Dopo le relazioni tenute, due brevi interviste a Gianmario Guidarelli, Università degli Studi, Padova e a Elisabetta Scirocco, Max-Planck-Institut für kunstgeschichte, Roma
a cura di Stefano Agresti
Lei ha portato a Bose la sua prospettiva di storico, ma le prospettive storiche vanno anche integrate con quelle che sono le esigenze della contemporaneità. Dal suo punto di vista, quale apporto pensa che il suo lavoro possa dare alla questione degli adeguamenti e delle nuove proposte di natura liturgica?
Gianmario Guidarelli: Penso che il mio contributo di storico dell’architettura, in modo particolare del Rinascimento, possa portare una visione problematica.
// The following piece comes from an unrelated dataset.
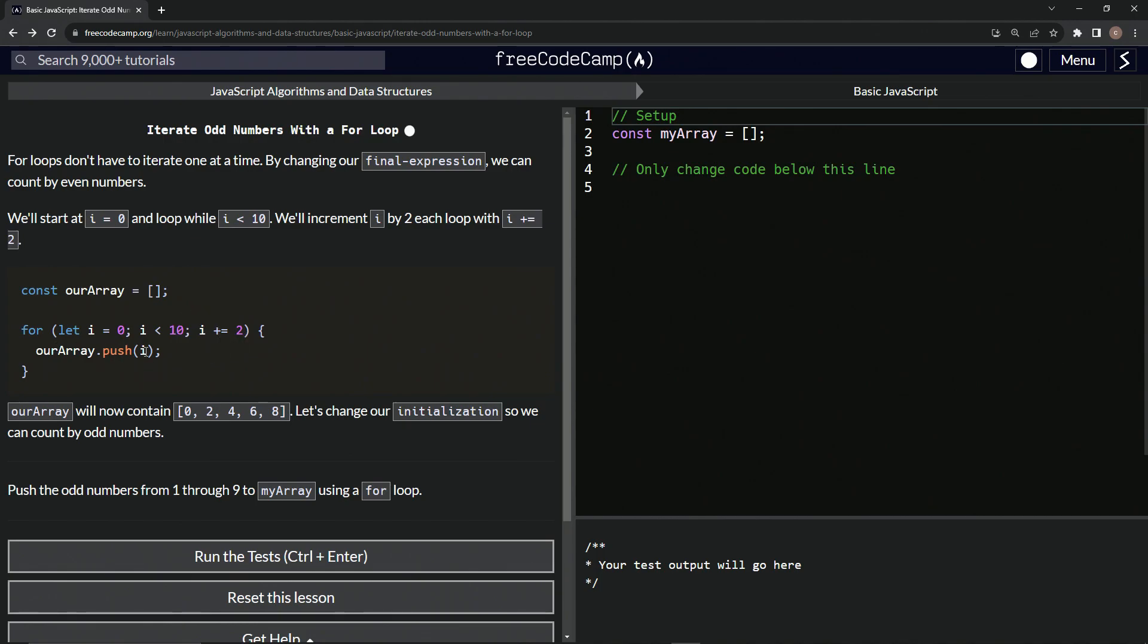So when we do our array dot push i, it's going to give us zero, two, four, six, eight, but it's going to stop at 10 and not do 10 because 10 is not less than 10, right?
Prima di tutto, dobbiamo porci le giuste domande, utilizzare le fonti in un modo giusto, ma anche poliedrico, in modo da tracciare, da costruire una rete di problemi i cui punti nodali sono edifici, casi studio, fonti, ecc. Il Rinascimento è un momento di passaggio dal punto di vista liturgico. Da una situazione, quella medievale, che conosce profondi rinnovamenti, c’è il passaggio verso il concilio di Trento e verso la riforma tridentina. Dal mio punto di vista, c’è anche un altro aspetto; la conservazione e la riqualificazione degli altari e, in generale, di tutta l’area del presbiterio, lo devono organizzare come un nodo spaziale; un nodo, in cui si integrano aspetti funzionali, formali, materici – la visibilità, l’uso dei materiali – che il Rinascimento può insegnarci a interpretare nel modo giusto.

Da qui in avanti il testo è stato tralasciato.